Escrita em plena 2ª Guerra Mundial e publicada em 1945 depois de ter sido recusada por várias editoras, a pequena narrativa causou um verdadeiro furor por satirizar ferozmente a ditadura stalinista justamente durante um momento em que os soviéticos ainda eram aliados das forças ocidentais na luta contra os nazi-fascistas. Afinal, na história, os animais se revoltam contra o sr. Jones, que representa o czar Nicolau 2º, e o porco Major não seria Lenin, mas Karl Marx, teórico da revolução que só será deflagrada depois de sua morte por outros dois suínos, o banido Bola-de-Neve e o despótico Napoleão, representando Trotsky e Stalin, respectivamente.

Quando foi publicado no Reino Unido (nos Estados Unidos, o livro chegou em 1946), A Revolução dos Bichos ajudou a abrir os olhos do Ocidente sobre a real natureza do sistema soviético. Curiosamente, a obra foi publicada em agosto de 1945, mesmo período em que os Estados Unidos explodiram as bombas atômicas no Japão, encerrando a guerra e mandando um aviso aos soviéticos, iniciando a chamada guerra fria.

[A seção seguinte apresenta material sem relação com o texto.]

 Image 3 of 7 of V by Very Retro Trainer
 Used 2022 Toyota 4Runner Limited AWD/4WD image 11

O lançamento da bomba sobre Hiroshima e Nagasaki iniciava o paroxismo da política de poder. O livro de Orwell era a mobilização do gênio criador para denunciar um dos principais elementos dessa política, o Estado totalitário. Se inicialmente serviu como instrumento a serviço das forças capitalistas, A Revolução dos Bichos conseguiu, com o passar do tempo, provar que seu alvo era mais amplo e direcionado contra o totalitarismo.

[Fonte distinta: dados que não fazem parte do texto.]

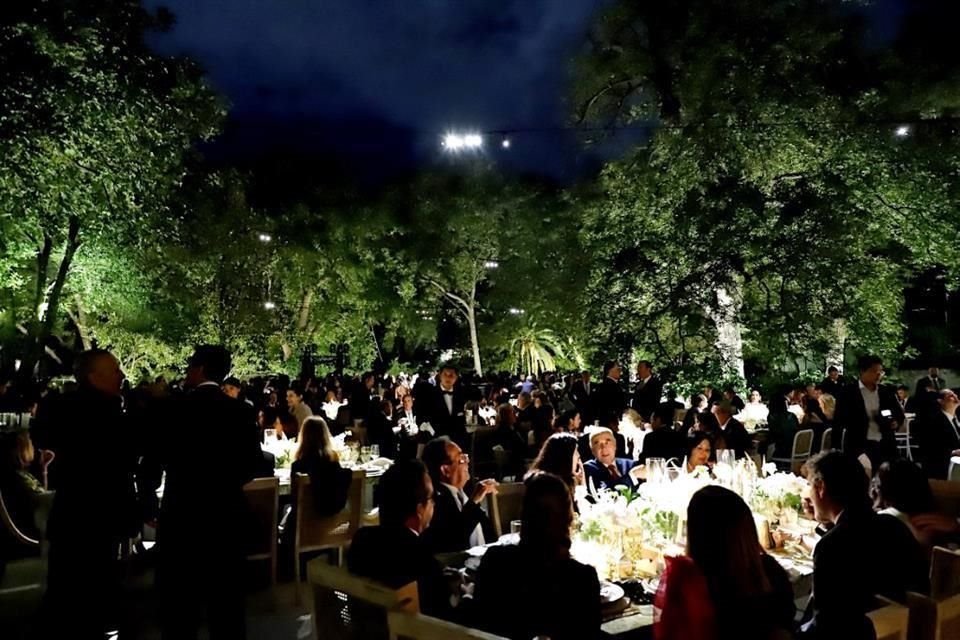 La recepción fue realizada al aire libre en Los Sabinos.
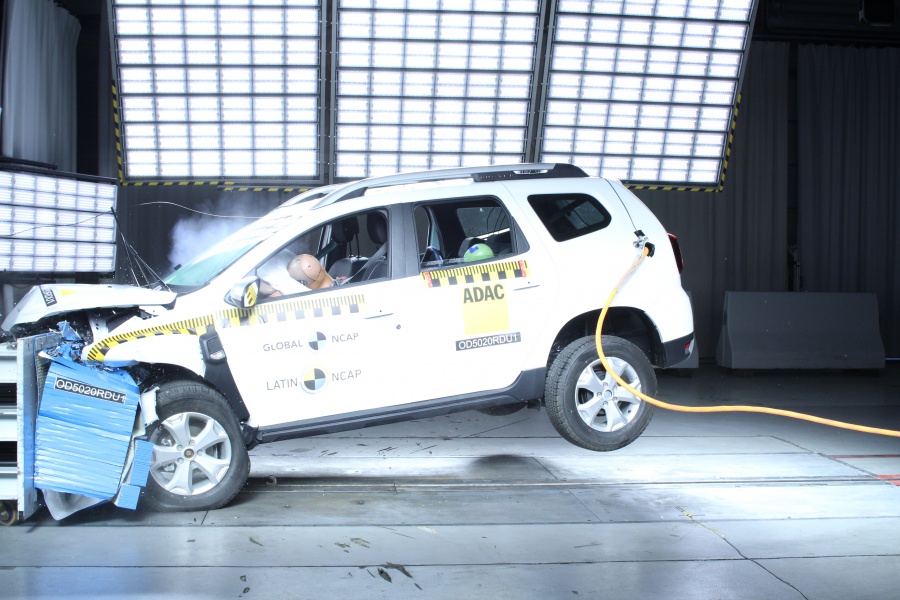 Renault Duster zera no Latin NCAP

As qualidades da prosa também se sobressaem - Orwell esforçou-se muito para melhorar sua escrita e, neste livro, ele escreve com desenvoltura sobre assuntos que dominava. Apaixonado pelo campo inglês, onde viveu no fim dos anos 1930, Orwell faz com que isso ecoe logo nas primeiras páginas: transbordam ali detalhes físicos da rotina no campo, observados com amor. Ao mesmo tempo, ele utiliza os discursos dos porcos para ironizar o discurso comunista. Eis, aí, a habilidade das palavras de Orwell, que tanto ordenham uma vaca como beliscam um revisionista.

Com o tempo, algumas frases tornaram-se clássicas, como "Todos os animais são iguais, mas alguns animais são mais iguais do que os outros", confirmando sua vitalidade. Hoje, depois das diversas e profundas transformações políticas que alteraram o planeta, o livro de Orwell já pode ser lido sem o viés ideológico reducionista e interpretado como uma alegoria sobre as fraquezas humanas que levam à corrosão dos grandes projetos de revolução política.

O livro chegou ao cinema em duas adaptações: uma animação de 1954, de John Halas e Joy Batchelor, e uma versão de 1999, dirigida por John Stephenson. Nenhuma, porém, atingiu seu nível de libelo pela liberdade.